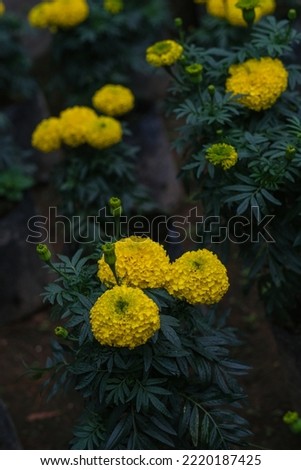 Beautiful marigold flowers of yellow color. A group of marigold flower in the field. One of the benefits of marigolds is to keep the skin moist and treat fever and sore throat.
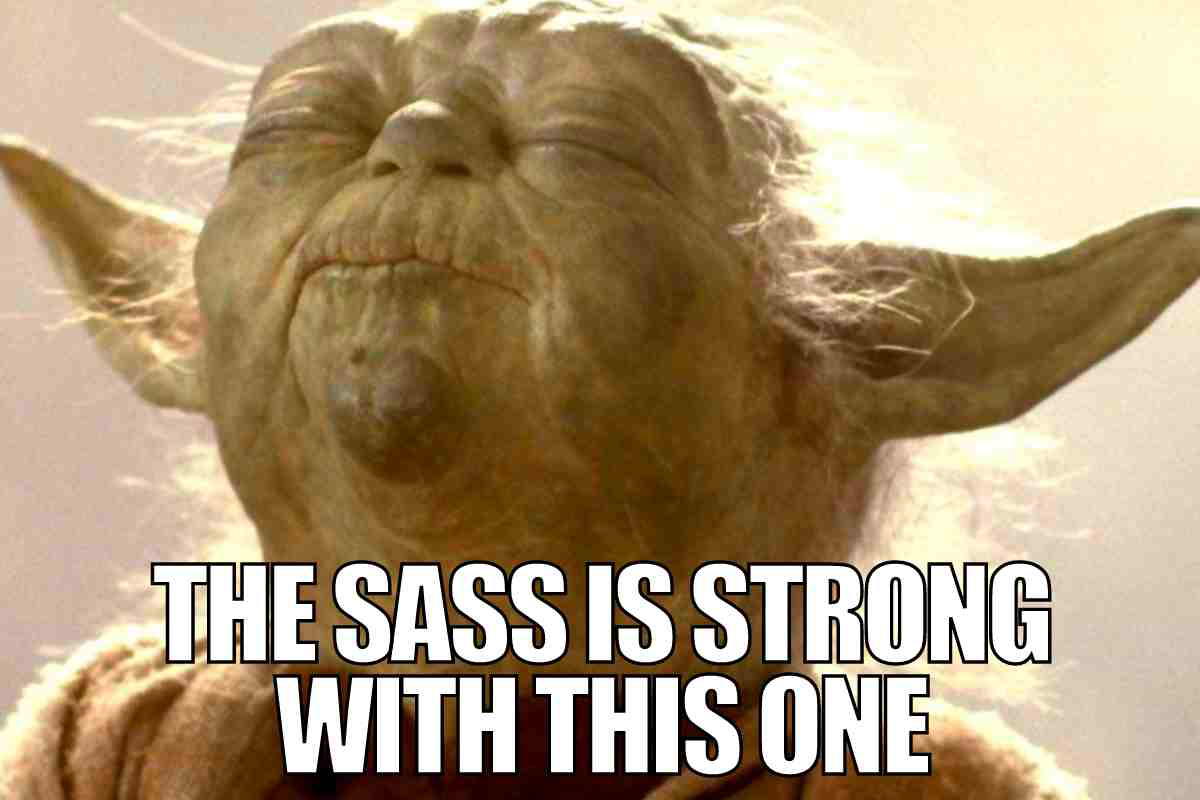 sassy meme daughter Meme featuring a wise creature with the caption 'The sass is strong with this one,' humorously nodding to a daughter's legendary attitude.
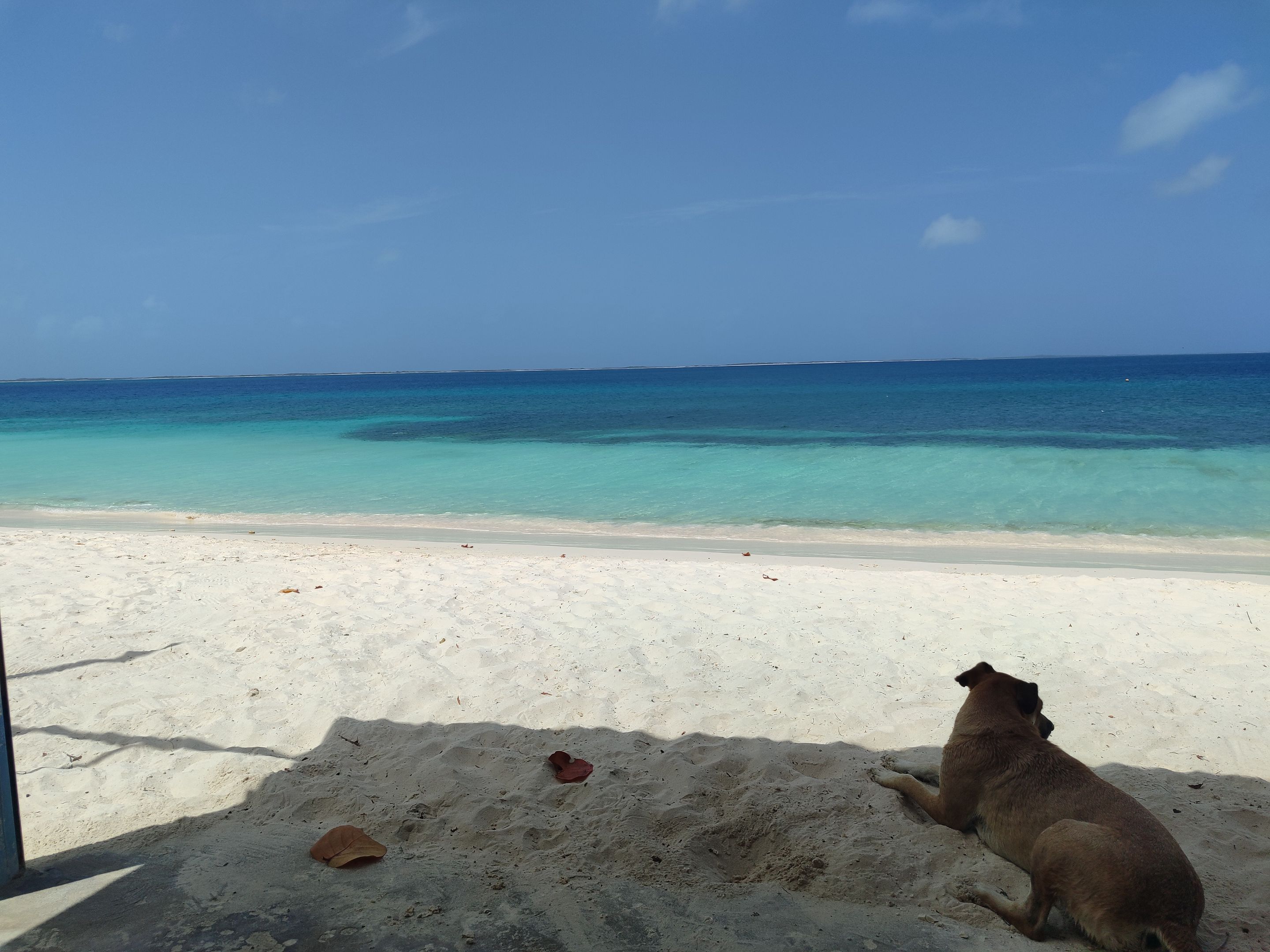Una pequeña parte de Cayo Crasqui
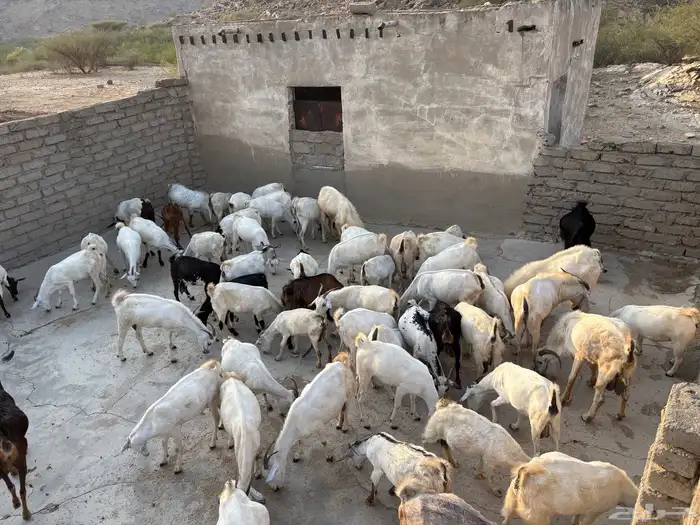 ماعز العدد 60رأس منها 5فحول 2 صنف و3 عايد المجموع  60راس 1
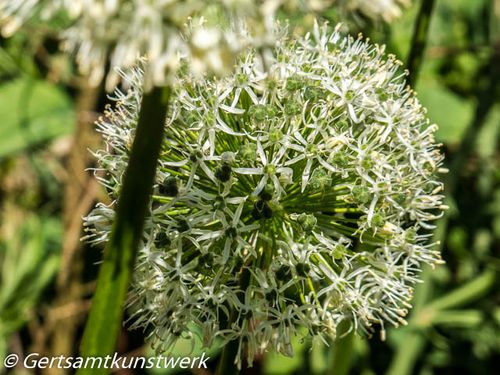 Allium head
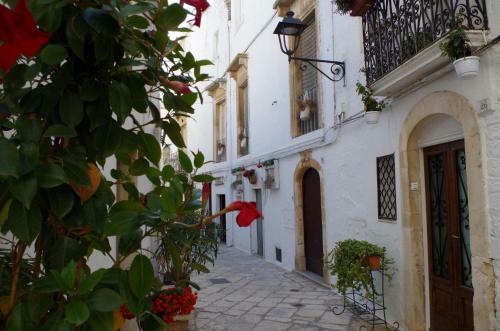 Hostal UNA Volta A Martina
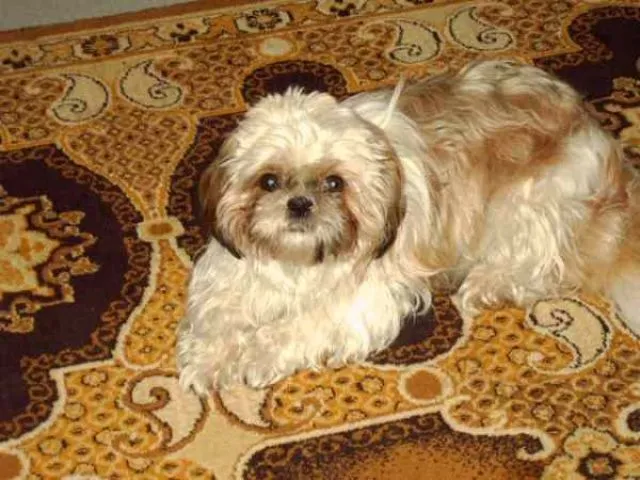 Shih-Tzu  Hündin aus Saarbrücken wartet den Treff, auf Deckrüden. – Bild 1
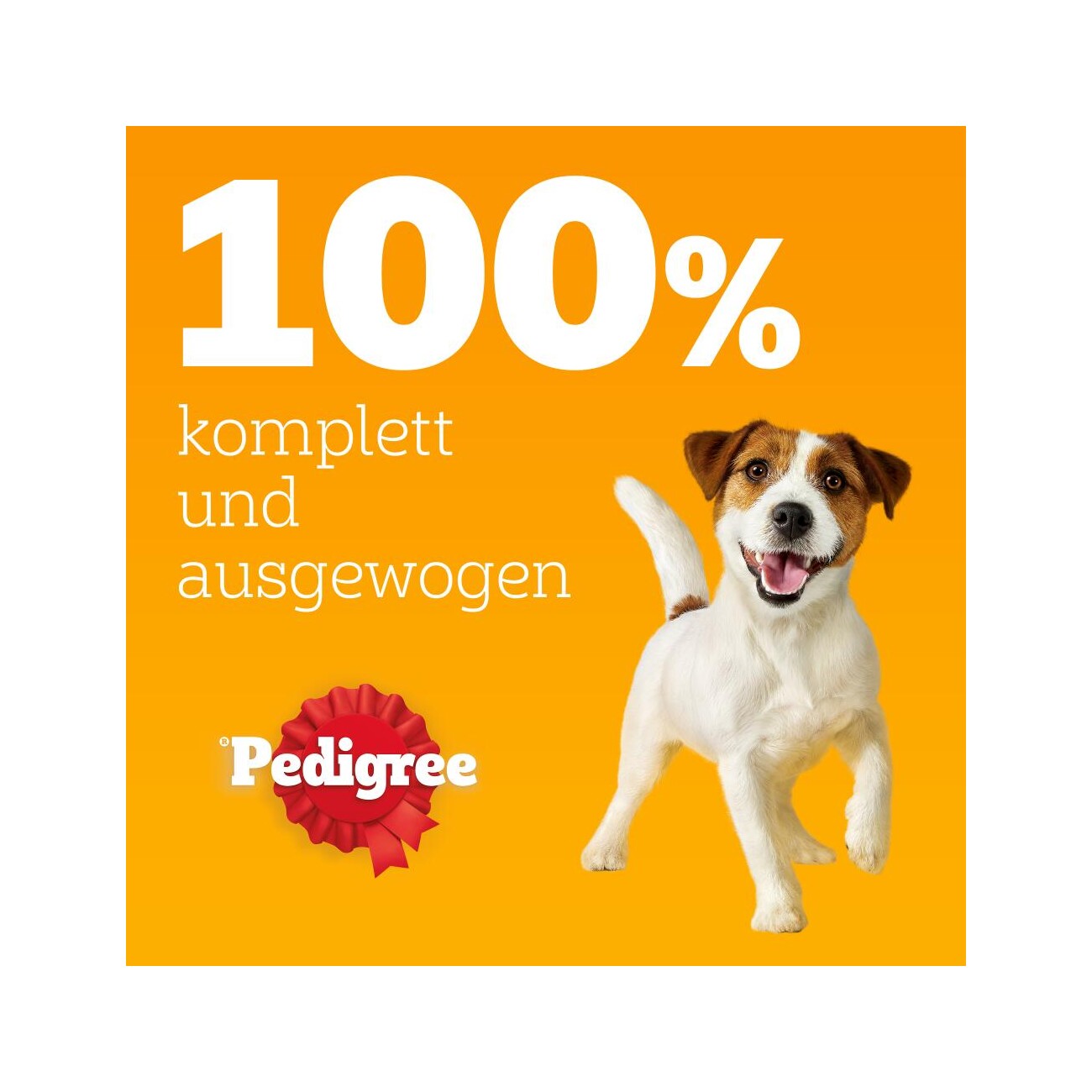 Pedigree Nassfutter Hund Adult, Multipack, Gemischte-Selektion mit Gemüse, in Sauce 80x100 g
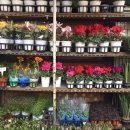 종로41길 이미지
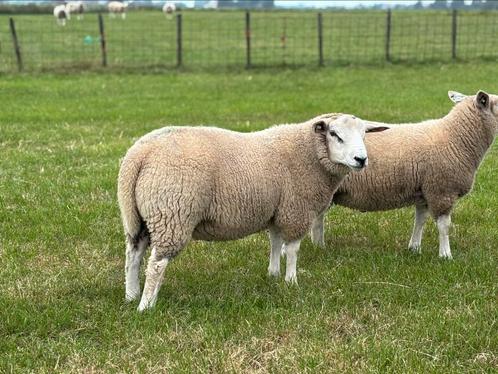 Swif/Tex dekrammen, zwoegervrij en ARR/ARR, Dieren en Toebehoren, Schapen, Geiten en Varkens, Schaap, Mannelijk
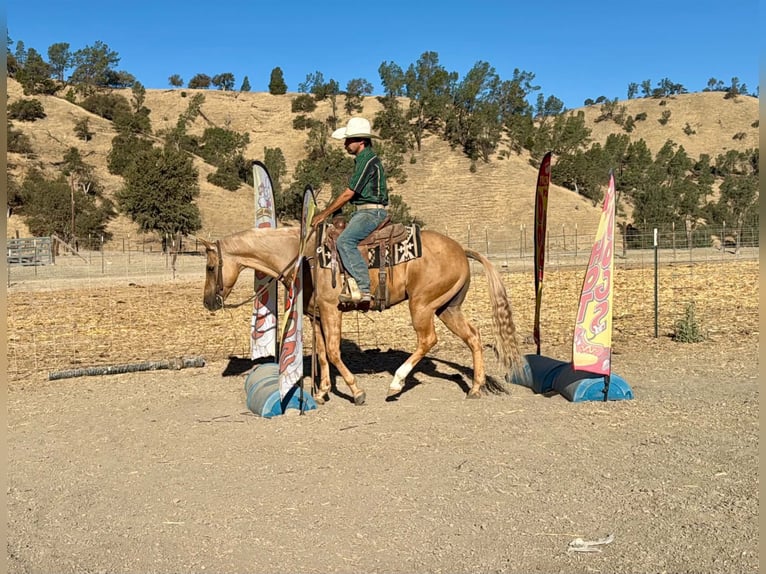 American Quarter Horse Castrone 8 Anni Palomino in Tres Pinos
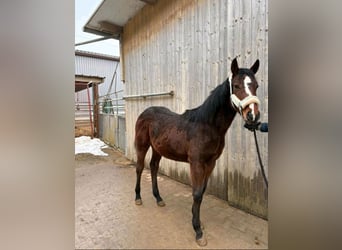 American Paint Horse, Jument, 1 Année, 160 cm, Bai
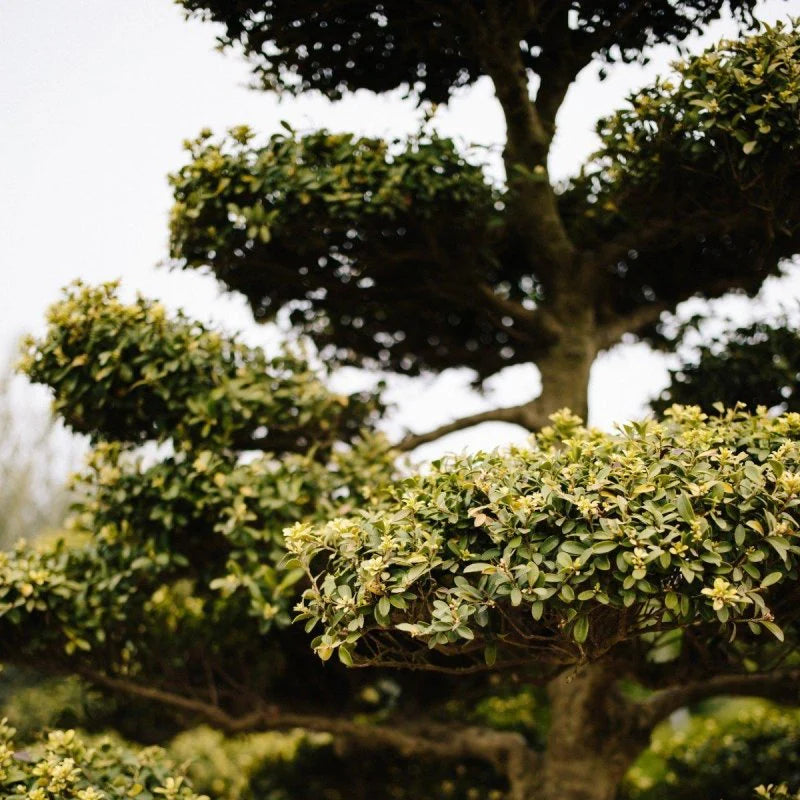 Topiary Techniques: Expert Guidance for Shaping Ilex, Taxus, and Ligustrum in UK Gardens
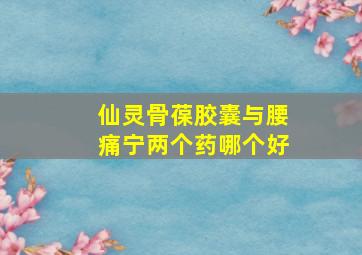 仙灵骨葆胶囊与腰痛宁两个药哪个好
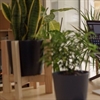 Liquidware joins Azure programme for Windows Virtual Desktop deployments
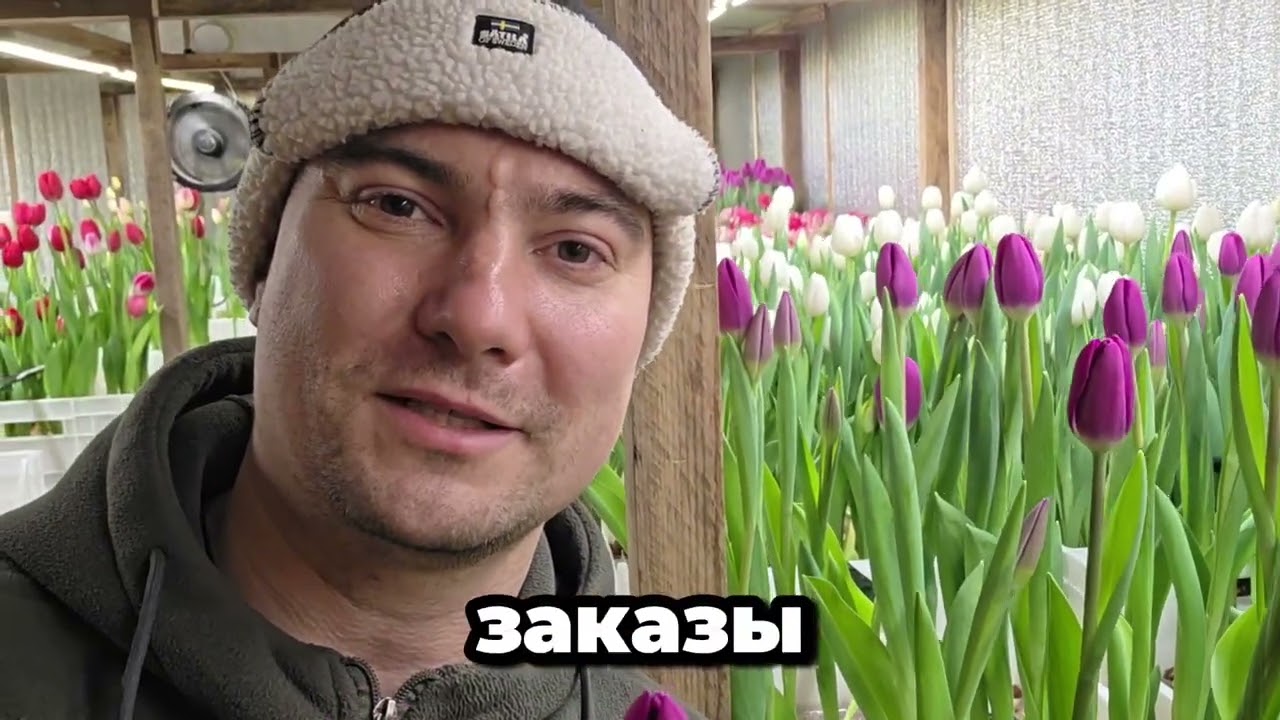 Сорт Роеска. Последний день приёма заказов 2026 🌷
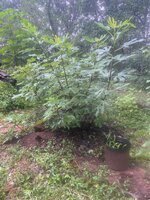 IMG_5826.jpeg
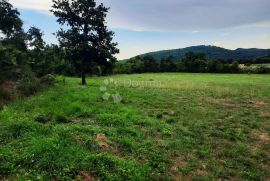 POLJOPRIVREDNO ZEMLJIŠTE LABIN, BLIZINA MORA 3,5 KM!, Labin, Zemljište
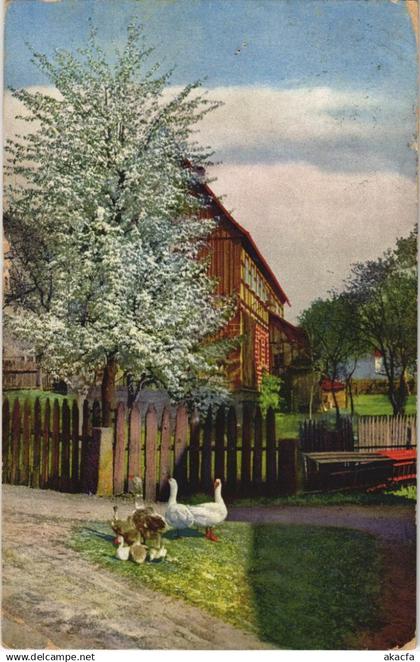 CPA AK Schona - Haus - House GERMANY (1080147)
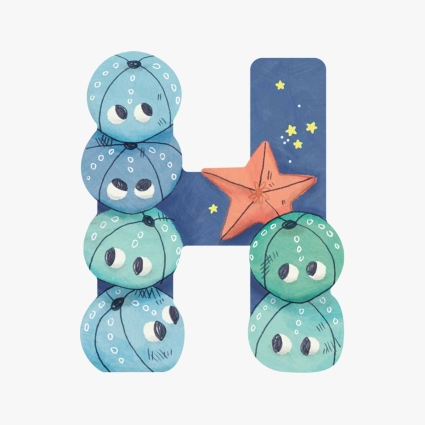 Lettre bois H bleu Mon premier alphabet Moulin Roty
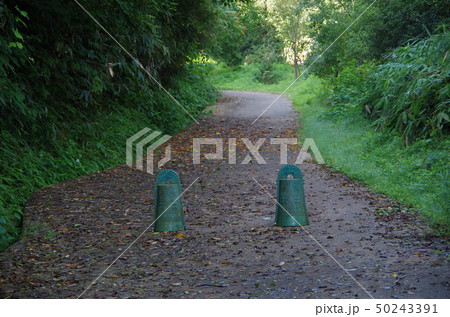 銅鐸のある道 銅鐸のある道 50243391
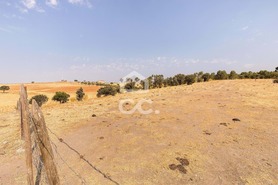Terreno R�stico T0 - Reguengos de Monsaraz, Reguengos de Monsaraz, �vora - Miniatura: 5/12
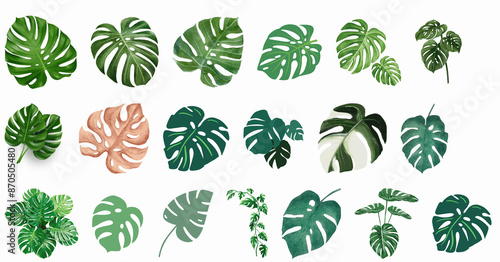 minimalist, boho and modern Abstract botanical wall art elements.  tropical leaves. Monstera leaves and leaf for wall art, poster and logo. Vector illustration © Naw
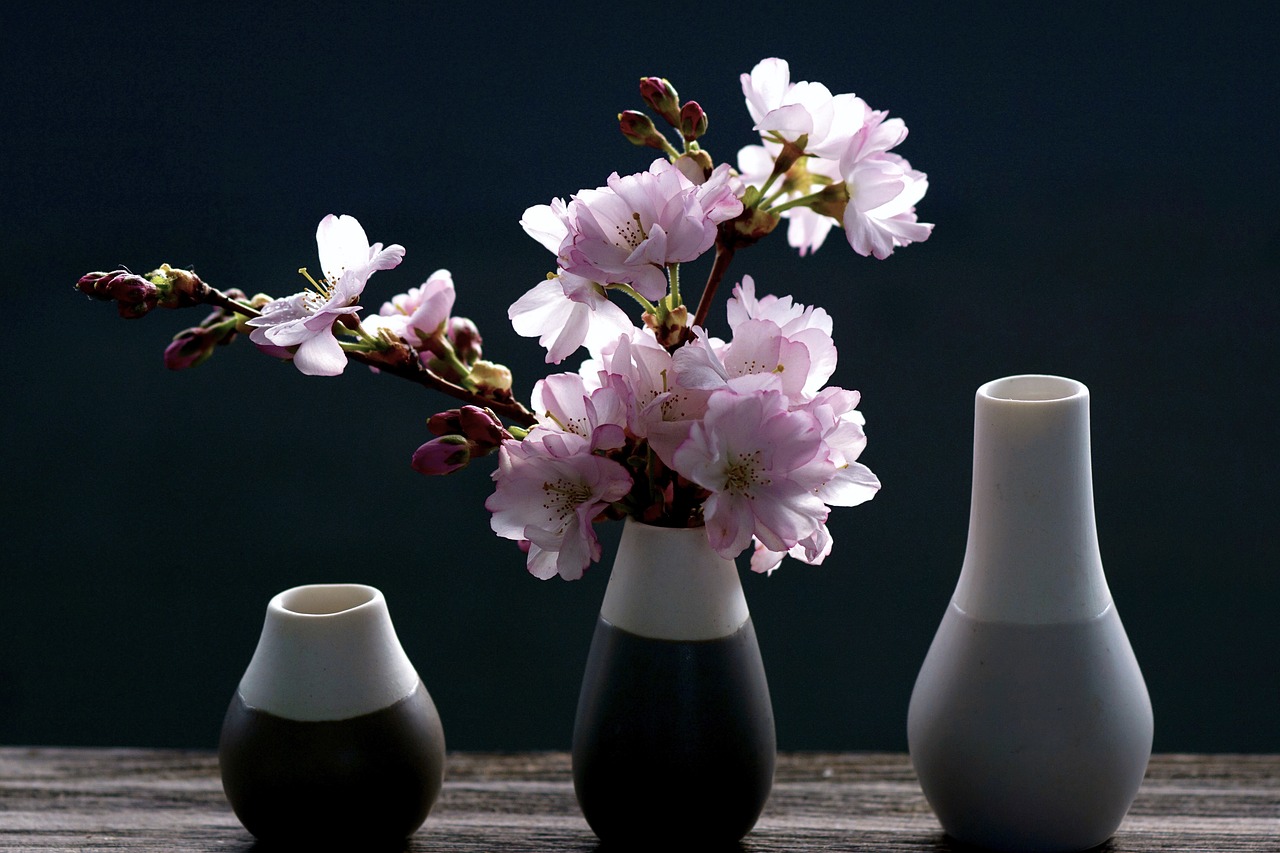 cherry blossoms  branch  pink free photo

§ **Exercise description**
Set down every entry above exactly as written, but skip the pictures.

§ **Written response**
 Beautiful marigold flowers of yellow color. A group of marigold flower in the field. One of the benefits of marigolds is to keep the skin moist and treat fever and sore throat.
 sassy meme daughter Meme featuring a wise creature with the caption 'The sass is strong with this one,' humorously nodding to a daughter's legendary attitude.
Una pequeña parte de Cayo Crasqui
 ماعز العدد 60رأس منها 5فحول 2 صنف و3 عايد المجموع  60راس 1
 Allium head
 Hostal UNA Volta A Martina
 Shih-Tzu  Hündin aus Saarbrücken wartet den Treff, auf Deckrüden. – Bild 1
 Pedigree Nassfutter Hund Adult, Multipack, Gemischte-Selektion mit Gemüse, in Sauce 80x100 g
 종로41길 이미지
 Swif/Tex dekrammen, zwoegervrij en ARR/ARR, Dieren en Toebehoren, Schapen, Geiten en Varkens, Schaap, Mannelijk
 American Quarter Horse Castrone 8 Anni Palomino in Tres Pinos
 American Paint Horse, Jument, 1 Année, 160 cm, Bai
 Topiary Techniques: Expert Guidance for Shaping Ilex, Taxus, and Ligustrum in UK Gardens
 仙灵骨葆胶囊与腰痛宁两个药哪个好
 Liquidware joins Azure programme for Windows Virtual Desktop deployments
 Сорт Роеска. Последний день приёма заказов 2026 🌷
 IMG_5826.jpeg
 POLJOPRIVREDNO ZEMLJIŠTE LABIN, BLIZINA MORA 3,5 KM!, Labin, Zemljište
 CPA AK Schona - Haus - House GERMANY (1080147)
 Lettre bois H bleu Mon premier alphabet Moulin Roty
 銅鐸のある道 銅鐸のある道 50243391
Terreno R�stico T0 - Reguengos de Monsaraz, Reguengos de Monsaraz, �vora - Miniatura: 5/12
 minimalist, boho and modern Abstract botanical wall art elements.  tropical leaves. Monstera leaves and leaf for wall art, poster and logo. Vector illustration © Naw
 cherry blossoms  branch  pink free photo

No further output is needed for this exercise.